Governo de extrema-direita estatizou clínicas de fertilização in vitro para garantir acesso a casais, desde que não sejam imigrantes. Leia também: número de mortos pelo coronavírus passa de mil
Por Maíra Mathias e Raquel Torres, no Outra Saúde
“Procriação, não imigração”. Pois é. Uma frase dessas só poderia vir de um governo de extrema-direita. No caso, foi forjada como propaganda na Hungria de Viktor Orban que pôs em andamento um plano muito, muito questionável: comprou as seis maiores clínicas de fertilização e reprodução in vitro do país com o objetivo de facilitar a técnica a 150 mil casais – desde que as pessoas que busquem esses serviços não sejam imigrantes.
No pano de fundo dessa proibição está a própria razão de ser da iniciativa: o medo de que a população branca e cristã da Europa seja, nas próximas décadas, suplantada por pessoas vindas de outras partes do mundo, não-brancas; não-cristãs. “Existem forças políticas na Europa que querem substituir a população por motivos ideológicos” discursou Orban no ano passado, se esquecendo que ele e seu grupo querem travar mudanças demográficas por motivos… ideológicos.
Hoje, a taxa de natalidade na Hungria é de 1,48 criança por mulher, metade do que era em 1950 (o que segue uma tendência mundial). O governo quer mais, muito mais: que cada mulher húngara tenha três filhos. Para isso, além da estatização da fertilização in vitro no país, criou subsídios vários, como descontos na compra de carros e casas. E se a mulher decidir tem mais de quatro filhos fica isenta de todos os impostos cobrados no país. Pelo resto da vida.
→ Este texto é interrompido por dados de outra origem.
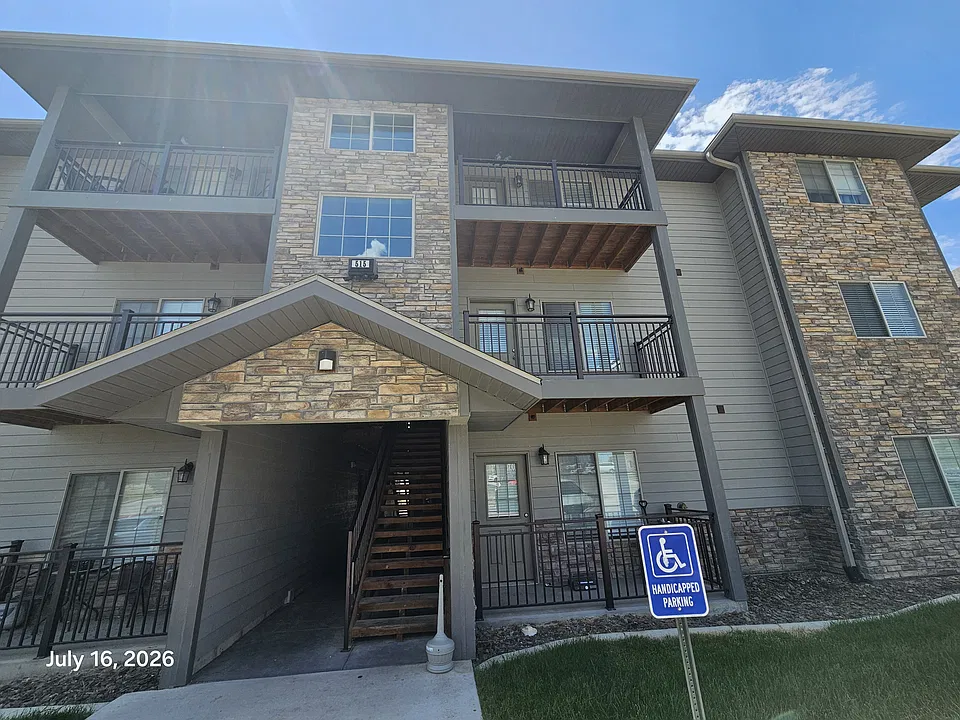 515 Neel St #201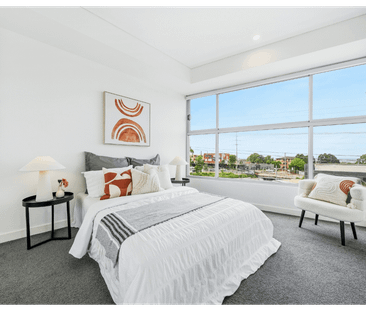 Stylish & Light-Filled Apartment in Prestigious "The Carl" - Photo 3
Segundo o excelente repórter Jamil Chade, toda essa movimentação tem raiz no pensamento de um homem: Renaud Camus, uma espécie de Olavo de Carvalho com diploma em Filosofia. Ele publicou em 2011 um livro chamado Grand Remplacement em que caracteriza de “ocupantes” todos aqueles que moram naquele continente não têm descendência europeia. Há, claro, um aspecto paranoico: a elite europeia estaria facilitando essa “substituição” de populações e é chamada na obra de “colaboracionista”. Ele prega uma “contrarrevolta” diante do aumento da população não-branca. No caso da Hungria, a compra das clínicas está sendo considerado pelo governo uma questão de “importância estratégia nacional”. E, claro, aprofundou o debate sobre o autoritarismo de Viktor Orban.
“Ter crianças é um assunto público, não privado”, taxou o presidente do Parlamento, Lászlo Kövér, aliado de Orban. Já a secretária da Família (sim, eles também têm essa Pasta por lá) caracteriza o aborto, que é regulado por lei desde 1992, como “pró-morte”. O governo já tentou criminalizar a interrupção da gravidez mudando a Constituição, mas felizmente não conseguiu – embora tenha gerado um baita efeito institucional, tendo feito, em 2014, metade dos procedimentos (32 mil) em comparação com as médias dos anos 2000. Orban, agora, estuda conferir bônus financeiros aos hospitais que se recusarem a realizar abortos.